Roughly 41% of global reduction fisheries can be classified as sustainable or improving, according to a report.
The report, from Sustainable Fisheries Partnership (SFP), said the key to further improvement at reduction fisheries – where fish oil and fishmeal are produced – lies largely in Southeast Asia.
SFP has a target that producers of 75% of the world’s seafood should be operating sustainably or improving toward sustainable production by the close of 2020.
“Reduction fisheries in South America and the North Atlantic have made steady progress but there is a real challenge in achieving improvements within Asian fishmeal fisheries and that's where efforts need to be concentrated,” said Blake Lee-Harwood, strategy director at SFP.
“Improving the sustainability of mixed species trawl fisheries is not going to be easy but it’s a journey that has to be taken.”

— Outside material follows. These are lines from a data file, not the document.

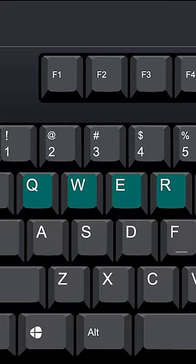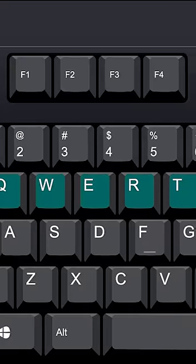Today, QWERTY is the most widely used keyboard layout, but there are now many new layouts that can improve on QWERTY in terms of typing speed.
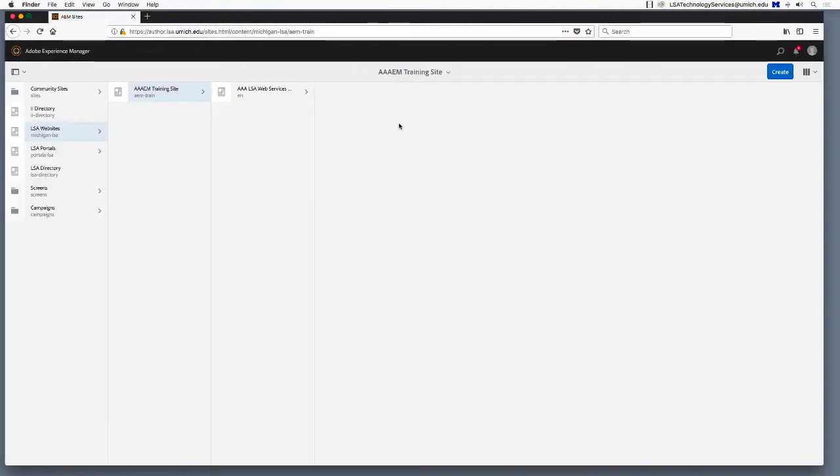Creating a people profile begins just like creating any new page on an AEM site. First, you must be in the sites view of your site with the proper parent page highlighted.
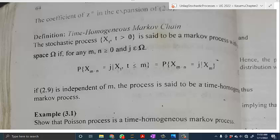Hello. In this video, we will complete the discussion of Section 2.2 of Kasumu's book, Introduction to Stochastic Processes. In the previous videos of Section 2.2, we have introduced the idea of a continuous-time discrete-state Markov process. We have given one particular example of such a process, called the Poisson process. Now we give some general definitions.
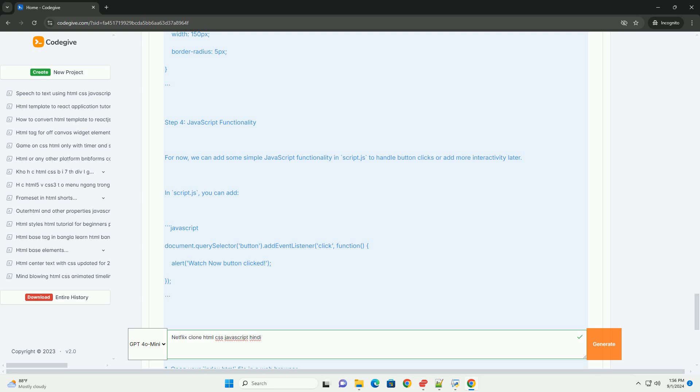Overall, this project not only hones web development skills but also provides insight into building user-centric applications.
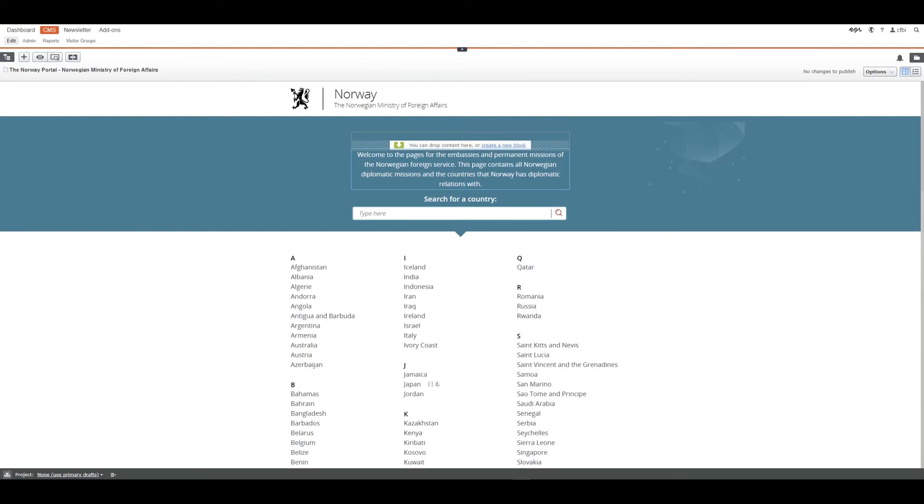When entering the CMS you are entering what we call edit mode. Edit mode is worth noting because we're going to use that a lot. The first thing you see is Norway.no landing page. This is where we present all countries we have a diplomatic relation with. You cannot and will never have to edit anything on this page.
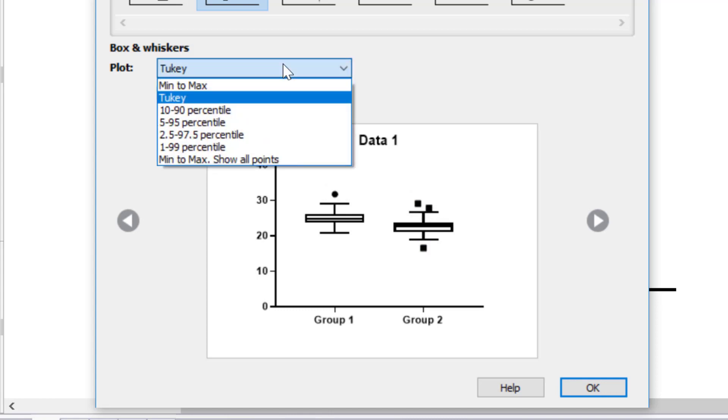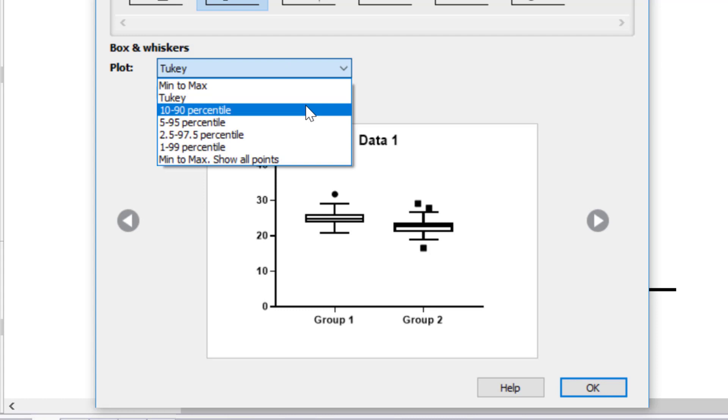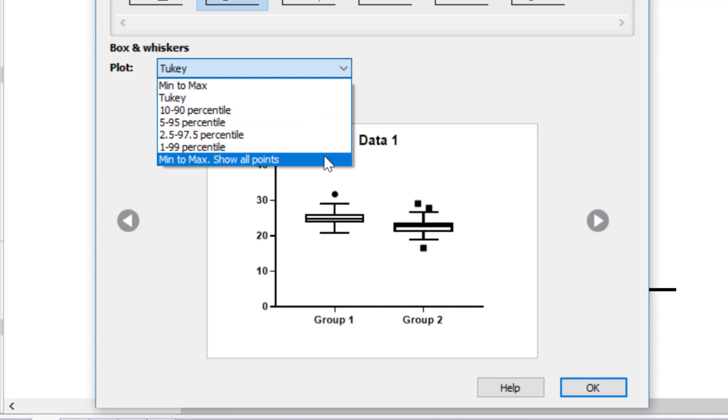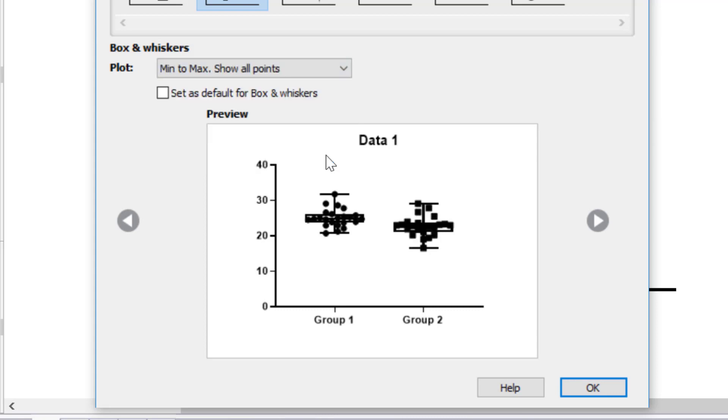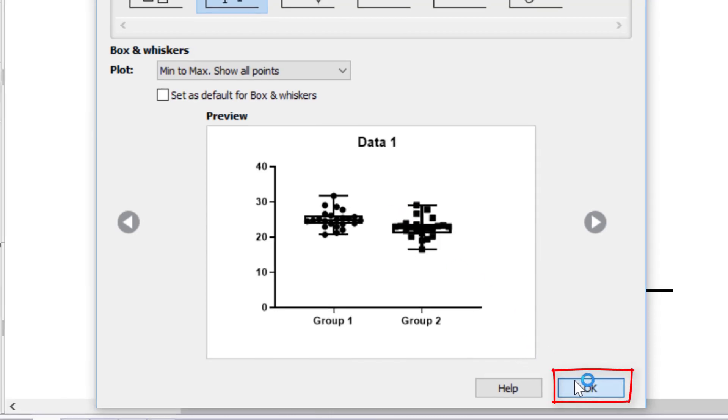Additionally, you can also set the whiskers to be a percentile, so the 10th and 90th percentile. And there's also an option to plot the minimum and maximum values as whiskers, as well as superimposing all of the data points onto the box and whisker plot. So for this video tutorial, I'm going to leave the superimposed data points on top of my box and whisker plot with minimum and maximum whiskers and click the OK button.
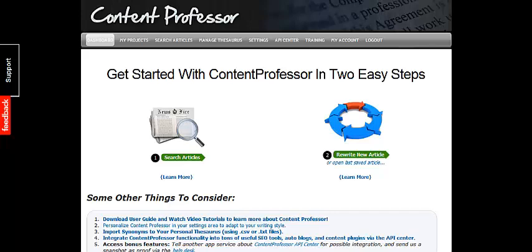Hey there, it's Tom Corson-Knolls from OnlineInternetMarketingHelp.com. Here I am inside Content Professor and just wanted to give you a quick view on the inside membership page of Content Professor.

The Atlantic and Pacific reduction fisheries mainly use small pelagic species such as anchoveta, sandeel, or sardine to produce fishmeal or oil.

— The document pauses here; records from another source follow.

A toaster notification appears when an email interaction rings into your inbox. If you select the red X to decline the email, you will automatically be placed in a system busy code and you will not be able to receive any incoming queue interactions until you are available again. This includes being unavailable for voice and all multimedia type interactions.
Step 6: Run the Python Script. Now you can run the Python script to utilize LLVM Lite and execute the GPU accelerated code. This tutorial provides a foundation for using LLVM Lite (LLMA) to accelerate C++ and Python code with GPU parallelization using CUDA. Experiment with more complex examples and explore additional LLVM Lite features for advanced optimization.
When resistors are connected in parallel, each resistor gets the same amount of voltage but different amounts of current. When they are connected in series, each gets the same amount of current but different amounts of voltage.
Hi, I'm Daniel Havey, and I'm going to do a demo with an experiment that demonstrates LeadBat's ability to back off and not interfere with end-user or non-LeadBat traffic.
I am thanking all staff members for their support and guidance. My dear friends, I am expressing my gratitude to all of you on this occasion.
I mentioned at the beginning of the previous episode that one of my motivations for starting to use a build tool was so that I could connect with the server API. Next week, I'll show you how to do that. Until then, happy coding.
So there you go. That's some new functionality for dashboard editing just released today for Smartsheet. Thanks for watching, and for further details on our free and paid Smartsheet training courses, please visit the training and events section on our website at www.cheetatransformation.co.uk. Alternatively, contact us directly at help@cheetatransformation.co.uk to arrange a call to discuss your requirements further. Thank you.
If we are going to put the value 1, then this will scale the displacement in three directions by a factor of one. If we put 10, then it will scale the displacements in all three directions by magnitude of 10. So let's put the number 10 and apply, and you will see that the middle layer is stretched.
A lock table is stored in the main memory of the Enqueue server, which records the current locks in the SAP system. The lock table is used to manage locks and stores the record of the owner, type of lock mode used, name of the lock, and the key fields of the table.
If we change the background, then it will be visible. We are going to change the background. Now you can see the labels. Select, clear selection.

Asian reduction fisheries are primarily used to provide feed for the Asian shrimp farming industry and to supply the market for surimi (ground fish) products.
“Higher-volume multispecies trawl and small pelagic fisheries must be investigated to identify the most likely candidates to contribute to improvement in this sector,” said Lee-Harwood.
SFP recommends the use of industry bodies such as the European Sustainable Fishmeal, Latin American Reduction Fishery, and Southeast Asian Reduction Fishery roundtables.